Separatasi dal marito, Camilla mantiene con Renzo (Enzo Decaro) un rapporto di reciproco affetto, al contrario di mamma Andreina (Ilaria Occhini) che maldigerisce la presenza dell'ex genero nella vita della figlia. Vita nuova, vizio antico: Camilla, infatti, continua ad appassionarsi in casi investigativi in cui finisce per essere, suo malgrado, coinvolta. Tuttavia, invece di Berardi (Paolo Conticini) trasferitosi altrove, sarà il nuovo commissario Paolo De Matteis (Flavio Montrucchio) a vedersela con l'intraprendenza della detective. La pignoleria da primo della classe del giovane commissario, tiepido senso dello humour e pure taccagno, non spaventa la navigata prof che al commissariato è di casa: accanto alla complicità del ritrovato ispettore Torre (Pino Ammendola) potrà contare, infatti, anche sul nuovo agente Marchese (Lorenzo De Angelis), suo ex alunno.

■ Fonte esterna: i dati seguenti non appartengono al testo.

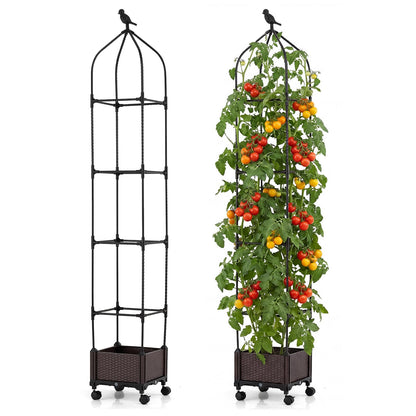 Raised Garden Bed with Trellis, Height Adjustable Rolling Planter Box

All'affollata quotidianeità Camilla abituata a dividersi tra il mestiere di mamma, quello di prof e di investigatrice - ora, anche quello di amica dell'ex marito alle prese con l'esuberante nuova fidanzata Carmen (Carmen Tejedera) - si aggiunge un incontro inaspettato: l'affascinante Marco (Cesare Bocci), fratello del commissario De Matteis...

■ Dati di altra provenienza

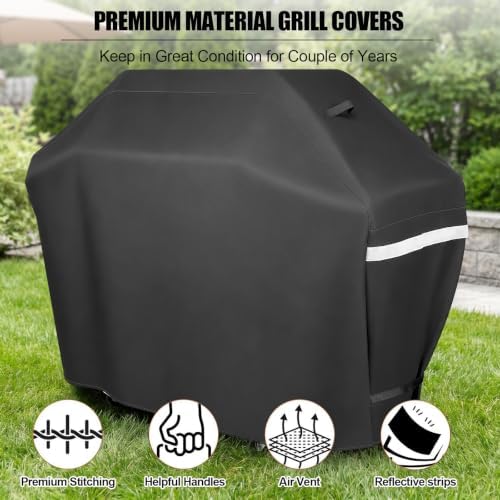 65 Inch Grill Cover for Outdoor Grill, Heavy Duty Waterproof BBQ Cover - Image 3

Cambio di guardia alla regia, dopo Rossella Izzo la quarta stagione di Provaci ancora Prof è diretta da Tiziana Aristarco: "Le grandi novità narrative, rispetto alle precedenti serie, mi hanno permesso di dare una mia personale impronta al prodotto senza tradirne l'essenza. La difficoltà per me è stata trovare un giusto equilibrio tra la commedia e il poliziesco, tra i sentimenti e i toni a volte drammatici dei casi di puntata. Penso che ci siamo riusciti e parlo al plurale perché un film funziona se riesci a creare sinergia nel gruppo di lavoro (...) Più di un anno di lavoro, tanti ricordi, tante risate, tanta fatica...e ora, speriamo, tante soddisfazioni!"